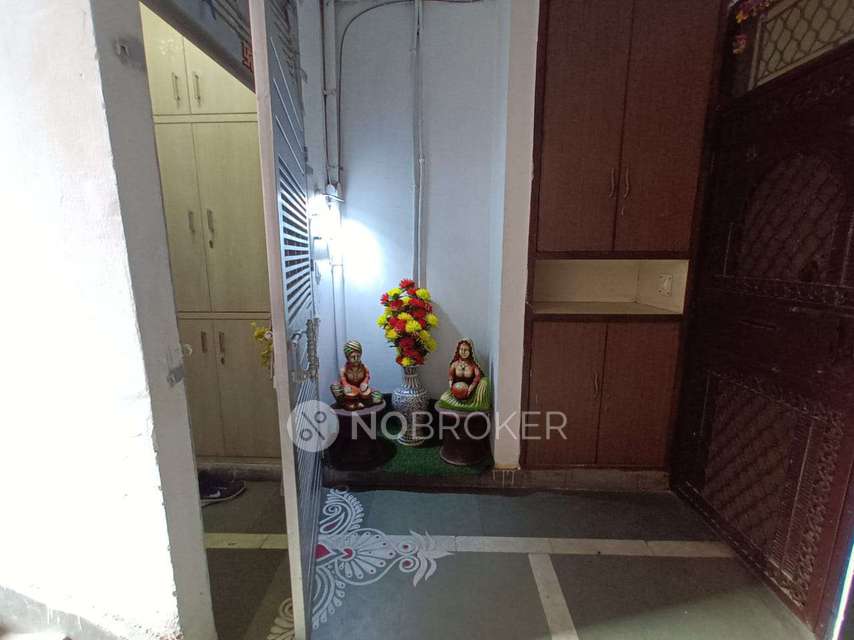 3 BHK Flat In The Gold Croft Cghs  For Sale  In Plot-4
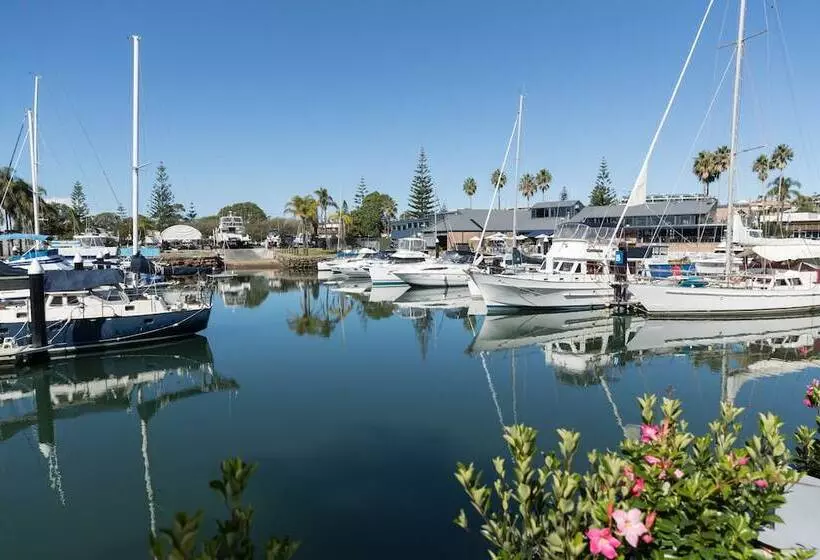 سوییت اجرایی, Sails Port Macquarie By Rydges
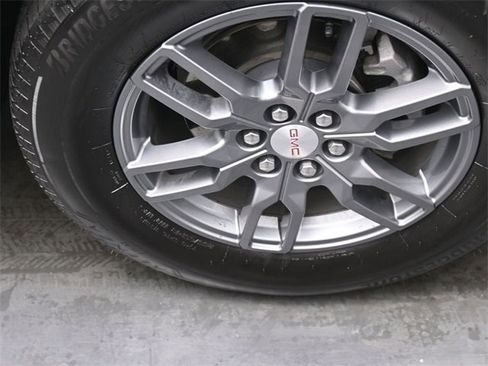 Used 2025 GMC Acadia Elevation image 31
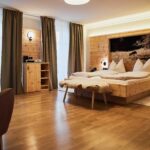 Innenansicht eines Hotelzimmers des Biosphären-Partnerbetriebs Gut Edermann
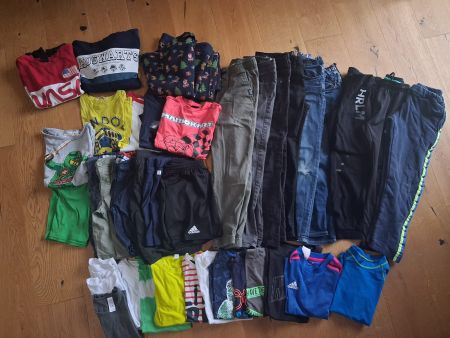 Grosses Kleiderpaket Jungs Gr. 134/140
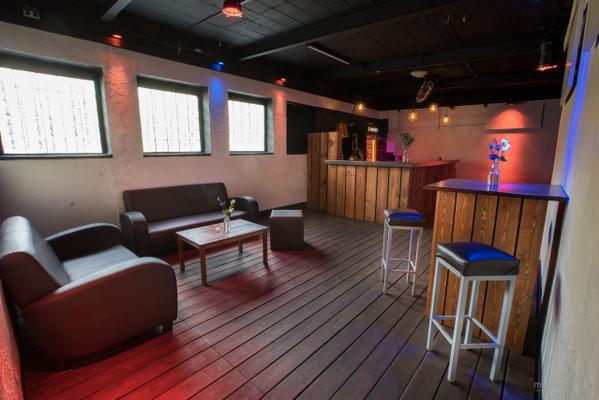 Partyräume mieten & vermieten - Clubeventlocation mit Sommergarten in Berlin Friedrichshain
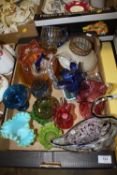 A TRAY OF ASSORTED STUDIO GLASSWARE TO INCLUDE A SWAN SHAPED BOWL, LOUTZ ROSE BOWL, COLOURED GLASS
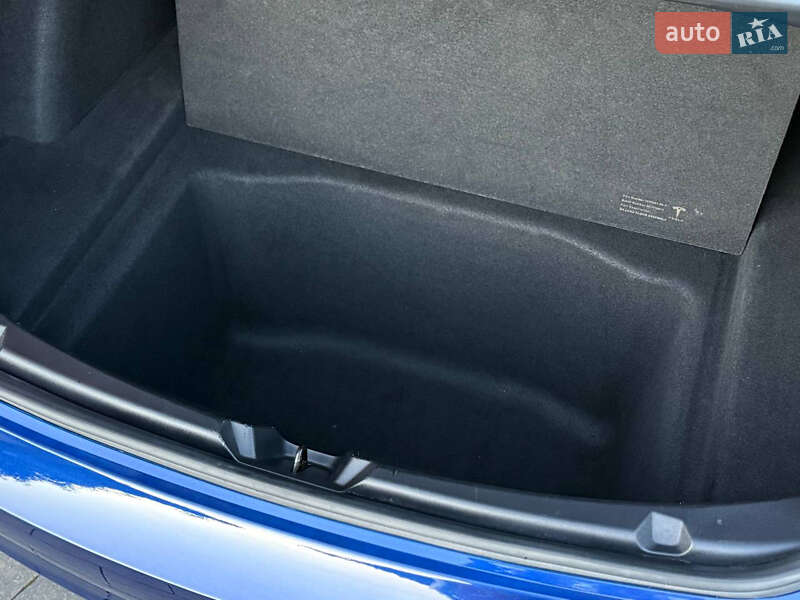 Седан Tesla Model 3 2018 в Дрогобыче фото 99 Седан Tesla Model 3 2018 в Дрогобыче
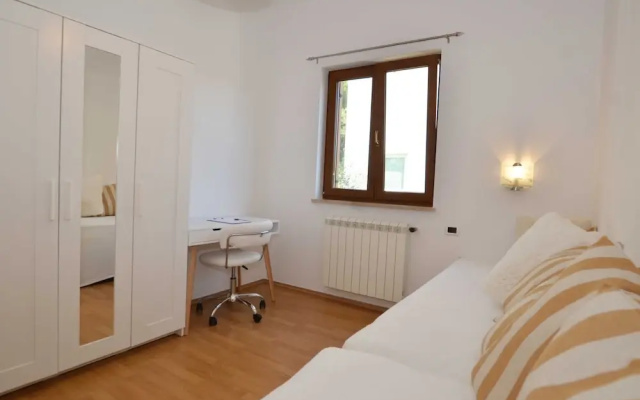 Elegant and Brigth Corner Apartments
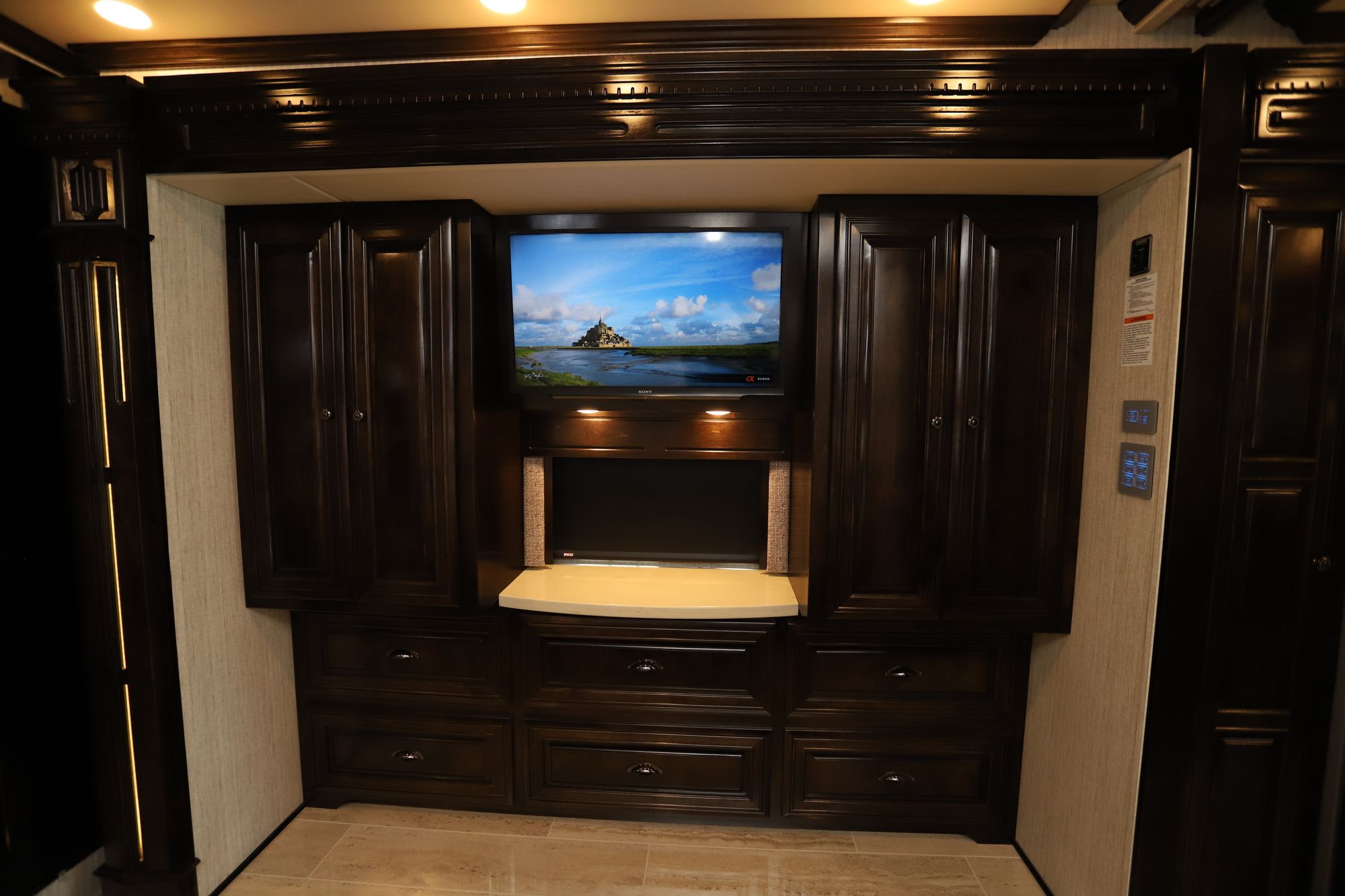 New 2019 Newmar Dutch Star 4002 Class A  For Sale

### BRIEF
Return the whole listing, word for word, and leave out every picture.

### RESPONSE TO THIS EXERCISE
 3 BHK Flat In The Gold Croft Cghs  For Sale  In Plot-4
 سوییت اجرایی, Sails Port Macquarie By Rydges
 Used 2025 GMC Acadia Elevation image 31
 Innenansicht eines Hotelzimmers des Biosphären-Partnerbetriebs Gut Edermann
 Grosses Kleiderpaket Jungs Gr. 134/140
 Partyräume mieten & vermieten - Clubeventlocation mit Sommergarten in Berlin Friedrichshain
 A TRAY OF ASSORTED STUDIO GLASSWARE TO INCLUDE A SWAN SHAPED BOWL, LOUTZ ROSE BOWL, COLOURED GLASS
 Седан Tesla Model 3 2018 в Дрогобыче фото 99 Седан Tesla Model 3 2018 в Дрогобыче
 Elegant and Brigth Corner Apartments
 New 2019 Newmar Dutch Star 4002 Class A  For Sale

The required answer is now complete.